Le Queensland compte deux centres d’exécution des peines en exploitation privée, le Centre Arthur Gorrie et le Centre Borallon, qui fonctionnent sous mandat du Département des services d’exécution des mesures pénales. Alors que le gouvernement déclare qu’il n’existe pas de mesure dissuasive ou sanction pour forcer les prisonniers à travailler, le «refus de travailler est considéré comme le refus de participer pleinement au processus de réinsertion autogéré», et «l’attitude au travail fait partie du processus d’administration de la peine». Les niveaux de rémunération sont compris entre 2,04 et 3,99 dollars australiens par jour pour des postes non qualifiés à qualifiés, avec une prime d’encouragement allant jusqu’à 100 pour cent du taux de base et un plafond global de 55,86 dollars australiens par semaine.
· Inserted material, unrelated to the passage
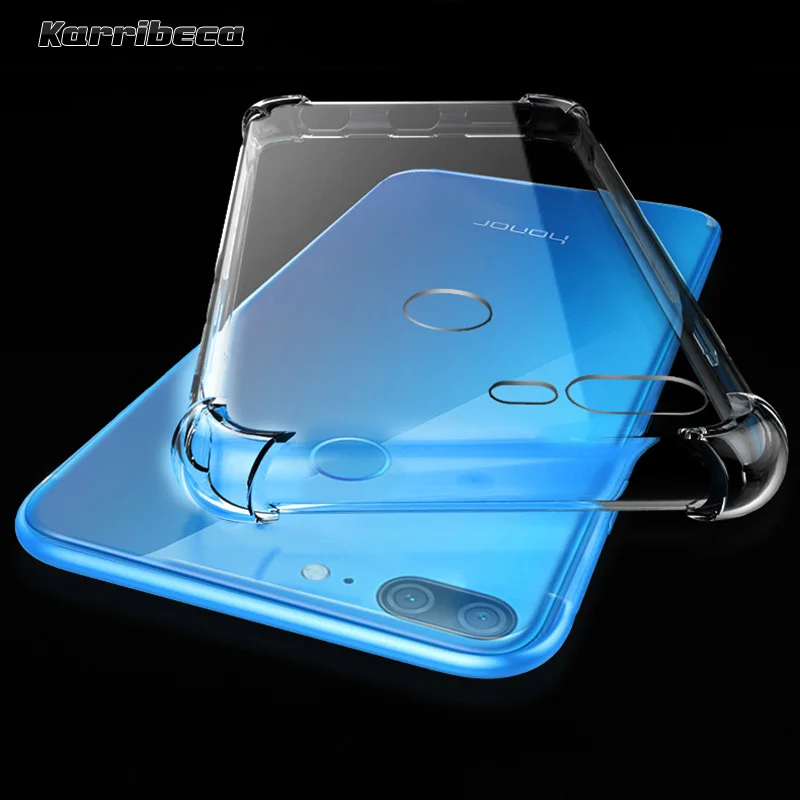 прозрачный силиконовый чехол для Huawei honor 9 lite кристальный мягкий селиконовые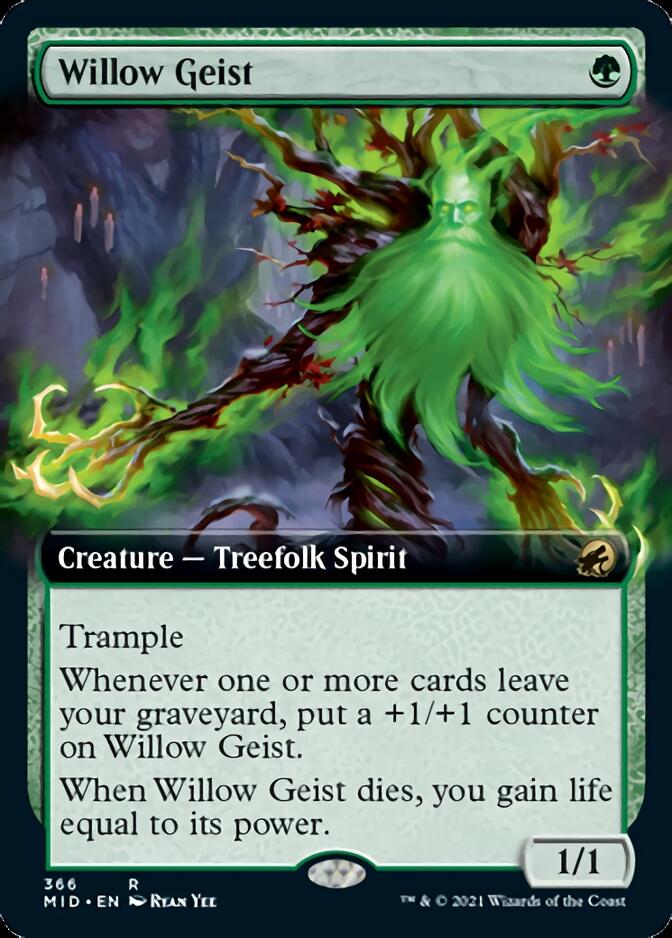 Willow Geist (Extended Art) [Innistrad: Midnight Hunt] | Game Master's Emporium (The New GME)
En moyenne, les détenus travaillent six heures par jour, cinq jours par semaine. Tous les coûts afférents au logement, à la nourriture, à la santé, aux soins dentaires et à la fourniture de toute une série de possibilités d’épanouissement et d’éducation sont pris en charge par l’Etat. Il n’est versé aux détenus aucune prestation de sécurité sociale. Sous réserve de contraintes physiques imposées par mesure de sécurité, tous les centres d’exécution des peines sont tenus d’observer les dispositions légales de sécurité et de santé au travail. La réparation des accidents du travail ne s’applique pas aux détenus, mais une «prestation de confort» pour l’achat d’articles essentiels tels que le dentifrice et le savon est versée aux détenus qui sont dans l’incapacité de travailler.
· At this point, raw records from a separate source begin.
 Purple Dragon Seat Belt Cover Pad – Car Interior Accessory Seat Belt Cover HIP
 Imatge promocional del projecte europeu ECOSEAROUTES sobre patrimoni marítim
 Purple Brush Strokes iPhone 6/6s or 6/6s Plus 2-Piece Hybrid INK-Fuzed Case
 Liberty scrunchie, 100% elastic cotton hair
La commission a pris bonne note de ces indications. Se référant à nouveau aux explications figurant dans son observation générale de cette année au titre de la convention, la commission espère que le gouvernement réalisera que la privatisation du travail pénitentiaire transgresse les conditions spécifiques prévues à l’article 2, paragraphe 2 c), de la convention pour l’exemption du travail pénitentiaire obligatoire du champ d’application de la convention. Pour être compatible avec la convention, le travail en milieu pénitentiaire privatisé exige donc le libre consentement des travailleurs concernés; dans le cas d’une main-d’oeuvre captive n’ayant pas d’autre accès au libre marché du travail, le «libre» consentement à une forme d’emploi se présentant de prime abord comme contraire à la lettre de la convention doit être corroboré par des conditions d’emploi non tributaires de la situation captive, donc proches de celles d’une relation de travail libre.
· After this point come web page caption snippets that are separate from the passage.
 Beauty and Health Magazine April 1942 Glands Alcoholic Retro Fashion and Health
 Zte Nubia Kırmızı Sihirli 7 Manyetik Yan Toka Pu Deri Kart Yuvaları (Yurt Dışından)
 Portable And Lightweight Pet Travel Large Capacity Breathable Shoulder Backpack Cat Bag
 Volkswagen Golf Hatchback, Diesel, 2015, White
Aucune de ces conditions ne semble être réunie à ce jour en Australie, où le travail des détenus pour des entreprises privées (de même que pour des établissements publics) est obligatoire, comme dans le Victoria ou, en tout cas, un critère «dans le processus d’administration de la peine» comme dans le Queensland, et où les taux salariaux des détenus pour ce travail sont disproportionnés par rapport aux taux fixés par sentence arbitrale, même en tenant compte des déductions éventuelles pour le gîte et le couvert, et les prisonniers qui travaillent sont privés des prestations de sécurité sociale et des indemnités en cas d’accident du travail et de maladie professionnelle.

La commission espère que les mesures nécessaires seront prises pour assurer le respect de la convention et que le gouvernement sera bientôt en mesure de faire état de mesures prises à cet effet.